Could Your Pet Be a Doggy Athlete?
Guest blog written by Beverly Pietrucha, ASPCA Volunteer Coordinator.
I discovered Agility about 20 years ago when my very young pup, Ginger, and I were taking a series of obedience classes. We signed up for an introductory class—and that was the beginning of the end. Ginger was an absolute natural on the obstacles: up the A-frame, over the dog walk, through the tunnel—all with no hesitation.
“This should be easy,” I thought. Well, was I wrong!
In Agility, dog and handler must work as a team to negotiate obstacles—in their numbered order. Well, sometimes Ginger would have another idea and get the "zoomies," much to the delight of the spectators. Frustrating for the handler? Perhaps. Lots of fun for the dog? You bet!

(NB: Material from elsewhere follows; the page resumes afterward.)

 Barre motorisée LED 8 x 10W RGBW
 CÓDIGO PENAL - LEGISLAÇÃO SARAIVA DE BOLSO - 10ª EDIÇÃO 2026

And so Ginger and I embarked on what would be an almost 15-year Agility journey, and the bond that developed between us cannot be described. When you are negotiating an agility course without a leash, or food or treats in hand you become connected in a way that is very special.
What About Shy Dogs?
Not sure if your dog is up to the task? Two years ago I adopted Charlie, who was very shy and lacking in confidence. I enrolled him in an agility class thinking that would perhaps build his esteem a bit. In that first class, he would barely go over a very low jump. I was told by the instructor that I should forget about doing agility with him. Well, we persevered—and Charlie is now competing.
If you’re interested: Signing up for good training classes with competent instructors is essential, even if you don't want to compete but just want to have a bit of fun with your dog. But be forewarned: Dog Agility can be addictive!